Ann Althouse wonders how many Americans have cro-magnon sexist attitudes like those that Russian pol Vladimir Zhirinovsky expressed toward US Secretary of State Condoleezza Rice. Zhirinovsky repudiated Rice, not on substance, but on the basis of her being "a single woman who has no children."
My feeling is that many Americans, men and women, in their sexist hearts, have the same feelings about Rice. But unlike Zhirinovsky, they thankfully don't have access to mass media.
But one must wonder what proportion of our feelings toward people in public life is substantive and how much of it is visceral or prejudiced?
How many qualified people are denied our votes or our support because we don't deem them attractive enough, or because they're female, or whatever?
And how often do we, like Zhirinovsky, pounce on irrelevant personal attributes in order to repudiate another person's point of view?
And how often, for that matter, do we jump on somebody's bandwagon just because we like the way the look or talk?
None of this is to said either in support of or opposition to Rice as Secretary of State or unlikely presidential candidate. My general impression of her, based first of all, on seeing her interviewed as a foreign policy thinker years before she came to work for George W. Bush, is that she's a bright person. But I do think that there's a lot of sloppy and prejudicial thinking behind our attitudes toward people in the public eye.
I suppose that if I did an honest self-appraisal, my finger might as likely point to myself as to others for thinking that's shallow, prejudiced, or illogical. I can unceremoniously stash people in my own categories of choice and am apt to keep them there until the Second Coming. I'm not proud of that. But it's the truth.

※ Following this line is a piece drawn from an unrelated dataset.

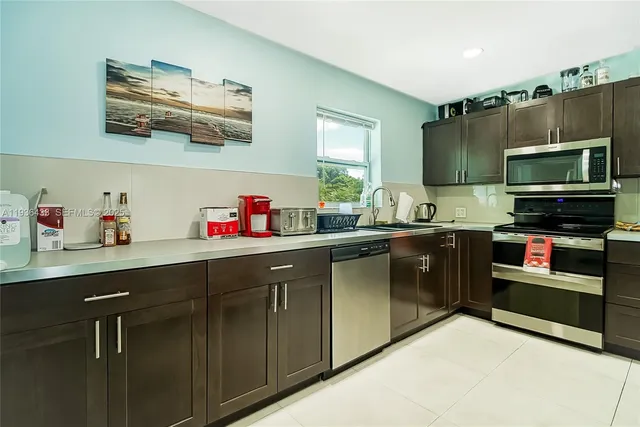 a kitchen with kitchen island stainless steel appliances a sink cabinets and a window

But people do break free of stereotypical thinking or their own visceral and demographic strait-jackets. My brother-in-law, a late-40-something, divorced father, who works in sales and does house restoration on the side, sports a "Condi for President" bumper sticker on his truck. His mother, my mother-in-law, in her late-70s, is horrified at the very sight of the sticker, not because she has something against women in high office, like many women her age that I know. It's just that she's an ardent LibDem. We have interesting conversations sometimes.